▶ [EXERCISE INSTRUCTIONS] Begin at the line where "simsearch:400-07426233,k - Excited" appears and reproduce exactly every line through the end of the data below, both included, skipping pictures.

---------- EXTRACTED MATERIAL ----------

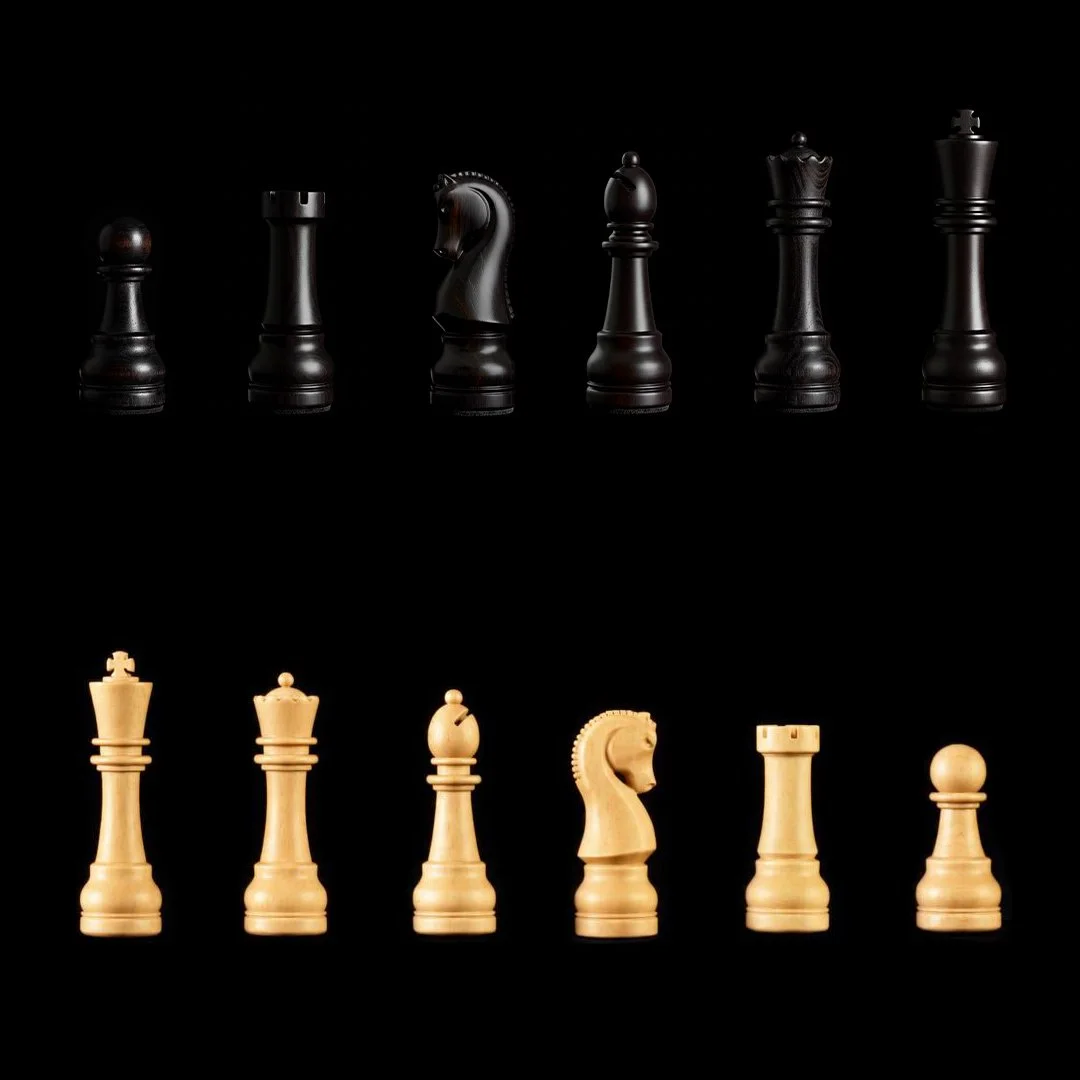 chess pieces ebony self moving chess board 1080x1080.jpg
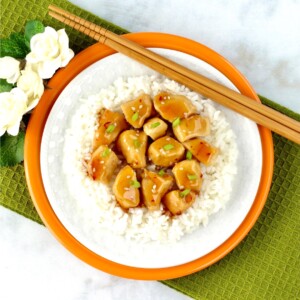Plate of orange chicken on rice.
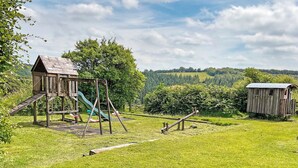 A playground with a slide and swings, a wooden structure, and a small shed in a grassy field. - 3 bedroom accommodation in Dulverton (Dulverton)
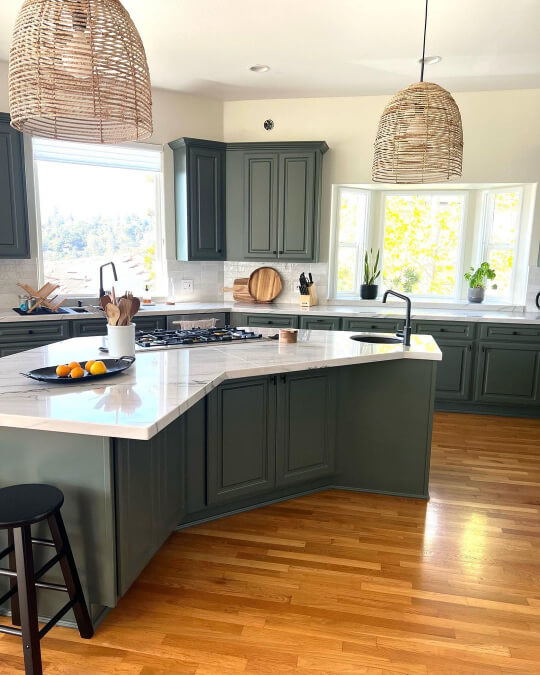 Pewter Green Kitchen cabinets and island with honey oak floors in a bright kitchen with creamy walls
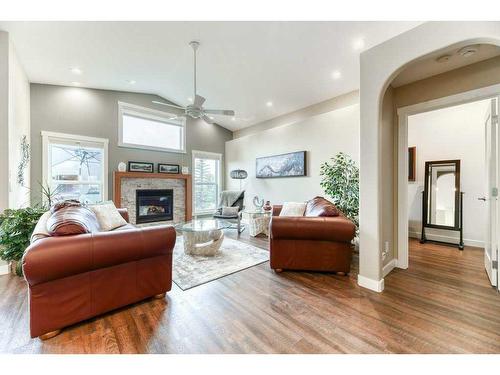 176 Cove Crescent, Chestermere, AB - Indoor Photo Showing Living Room With Fireplace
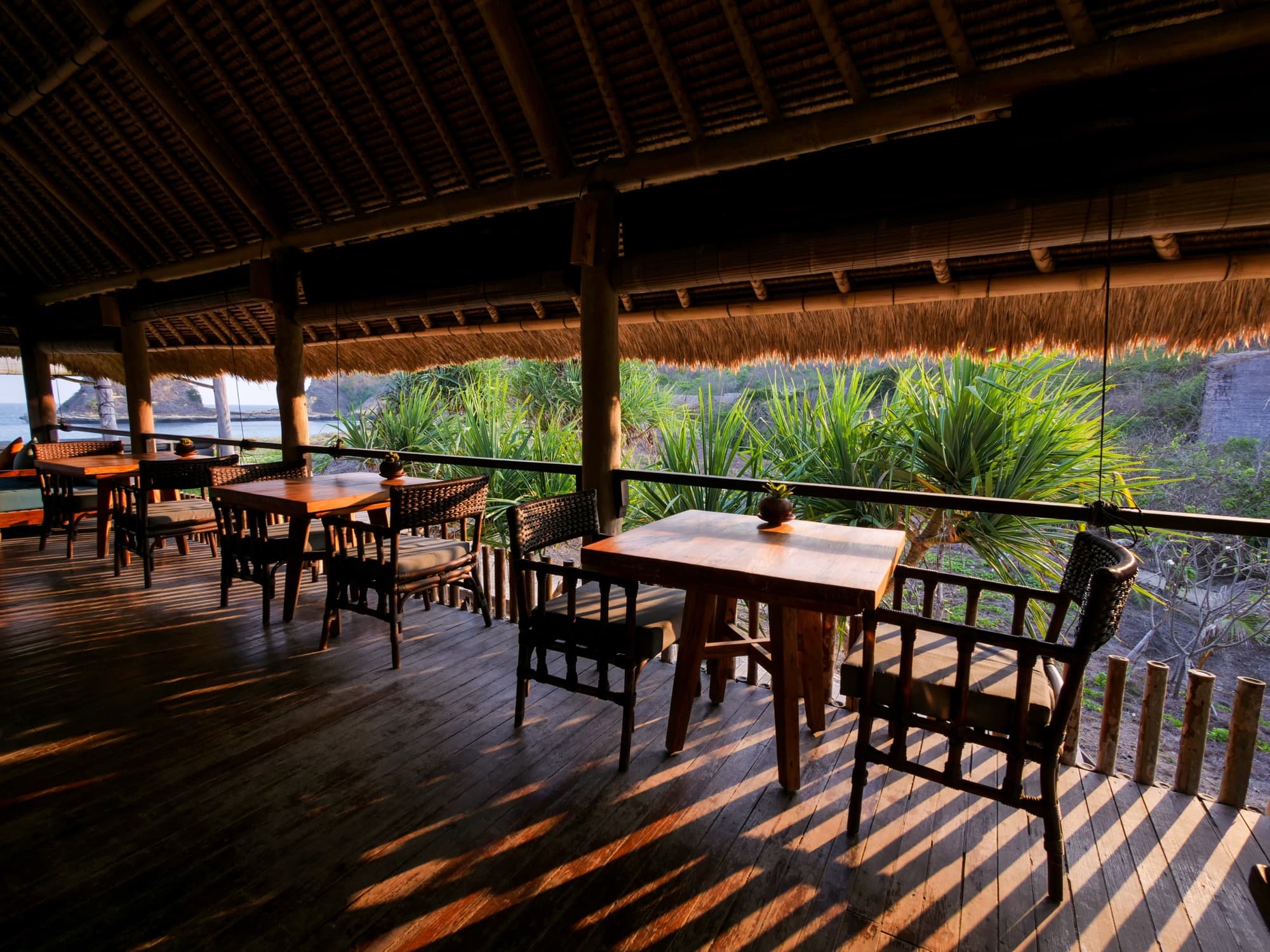 Open-air Dermaga restaurant with wooden tables, rattan chairs and Indian Ocean views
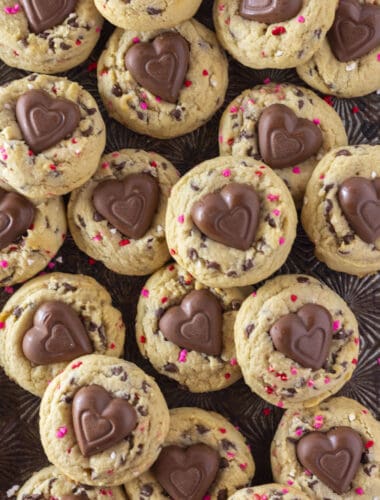 A tray full of Valentine's Chocolate Chip Cookies with heart sprinkles and a chocolate heart.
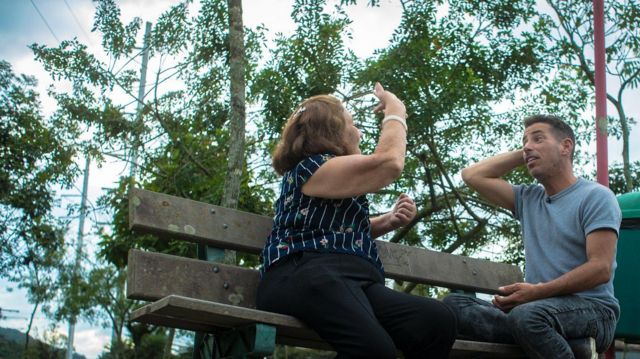 Mãe e filho conversando em banco de praça; ela gesticula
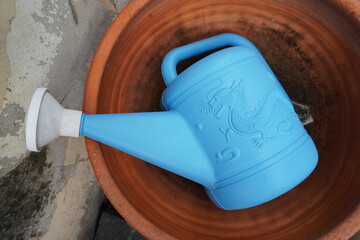 Bright blue watering can with dragon motif rests inside a terracotta pot © Thanakrit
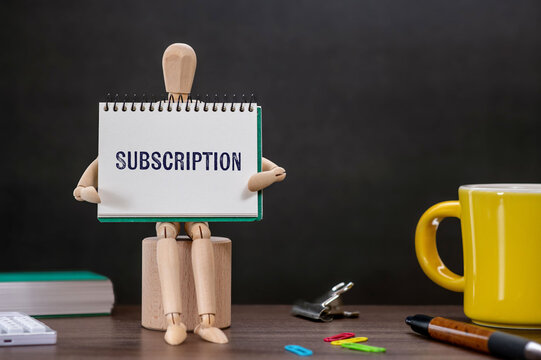 There is notebook with the word Subscription. It is as an eye-catching image.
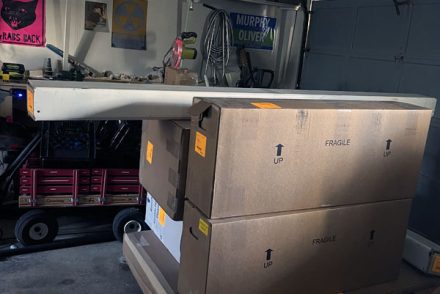 giant boxes on a pallet. not pictured: Kim's simmering doubt that this will fit in the proper room and her sinking feeling that her craft room will be completely overtaken.
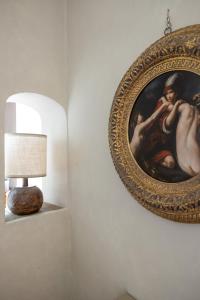 a painting hanging on a wall next to a lamp at Old Bridge large and unique artful apartment with elevator in Florence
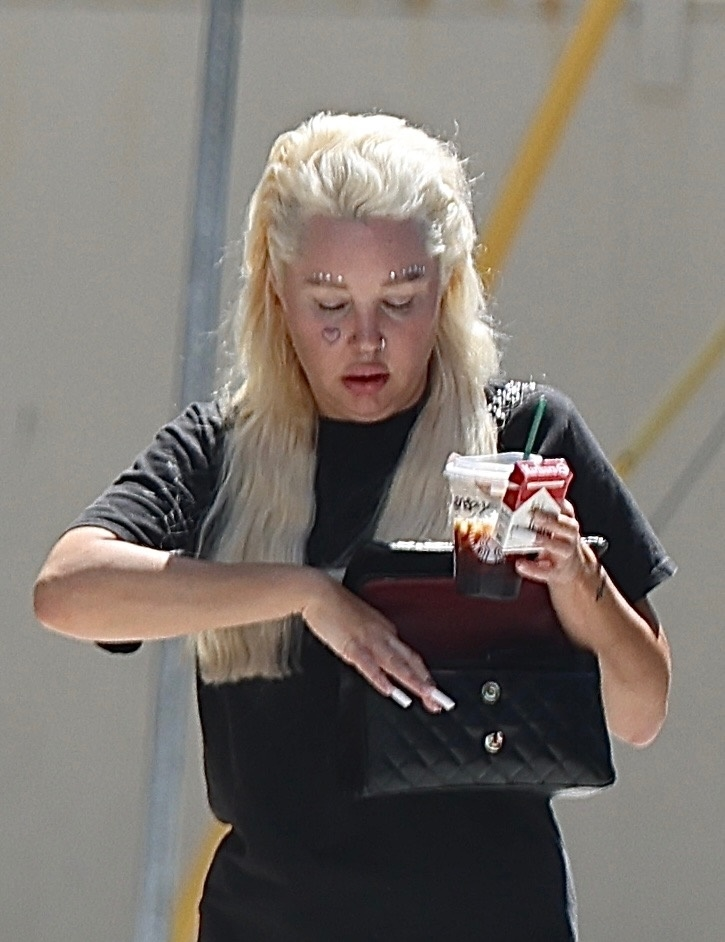 Amanda Bynes with platinum-blonde hair and jeweled eyebrows, holding a coffee and pack of Marlboro cigarettes.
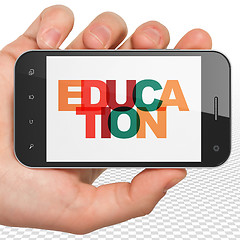 Image showing Studying concept: Hand Holding Smartphone with Education on display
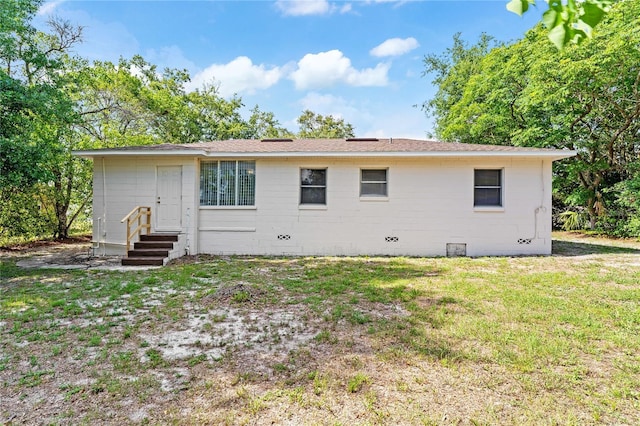 31 Lake Dr, Debary, FL 32713 - rear view of property featuring a lawn and entry steps
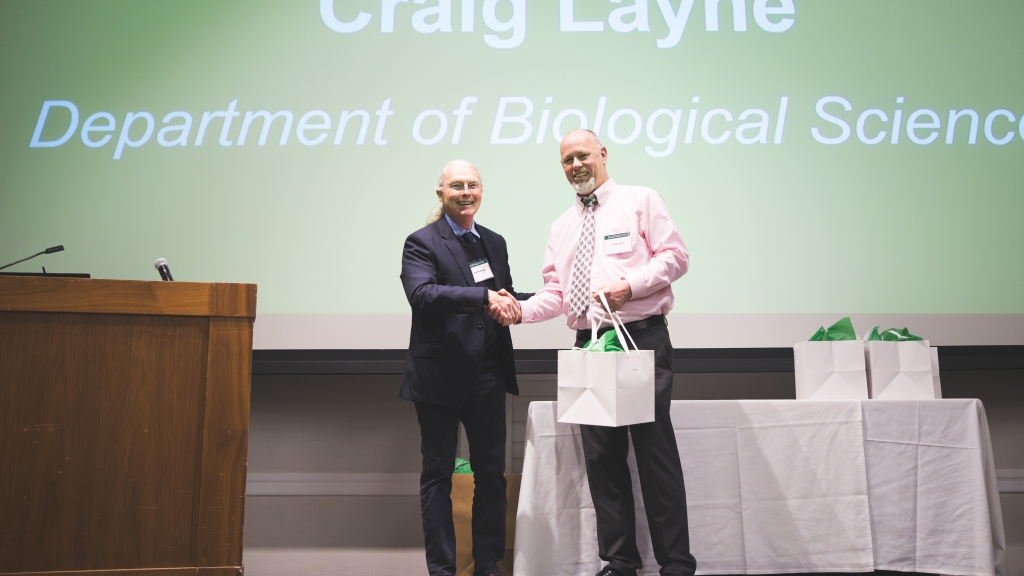 C. Robert McClung congratulating Craig Layne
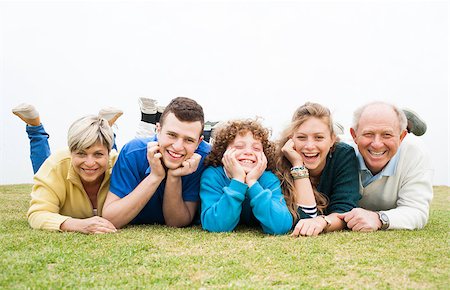 simsearch:400-07426233,k - Excited happy family lying down on the grass Stock Photo - Budget Royalty-Free & Subscription, Code: 400-07480734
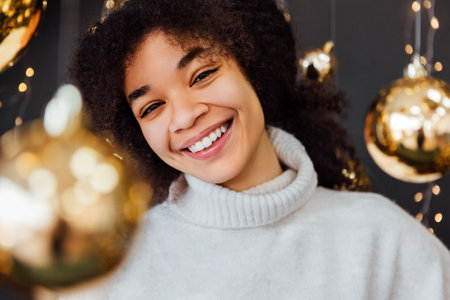 Young African woman with curly hair smiling and standing among golden Christmas decorations. Laughing black girl in cozy white sweater. Lady is enjoying the festive atmosphere. Shiny balls and garlandsの写真素材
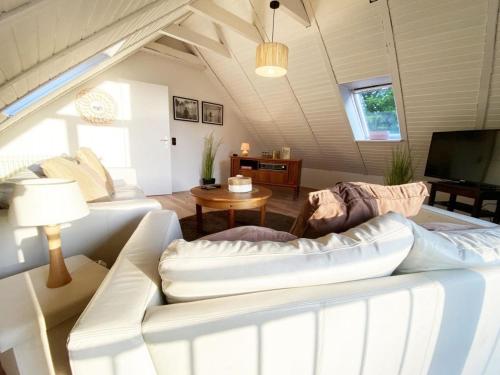 ホールマージールにあるFerien im Wangerland - Haus Wiesenweg - Ferienwohnung 2の白いソファとテレビのあるリビングルーム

----------

▶ [SOLUTION TO THIS TASK]
 simsearch:400-07426233,k - Excited happy family lying down on the grass Stock Photo - Budget Royalty-Free & Subscription, Code: 400-07480734
 Young African woman with curly hair smiling and standing among golden Christmas decorations. Laughing black girl in cozy white sweater. Lady is enjoying the festive atmosphere. Shiny balls and garlandsの写真素材
 ホールマージールにあるFerien im Wangerland - Haus Wiesenweg - Ferienwohnung 2の白いソファとテレビのあるリビングルーム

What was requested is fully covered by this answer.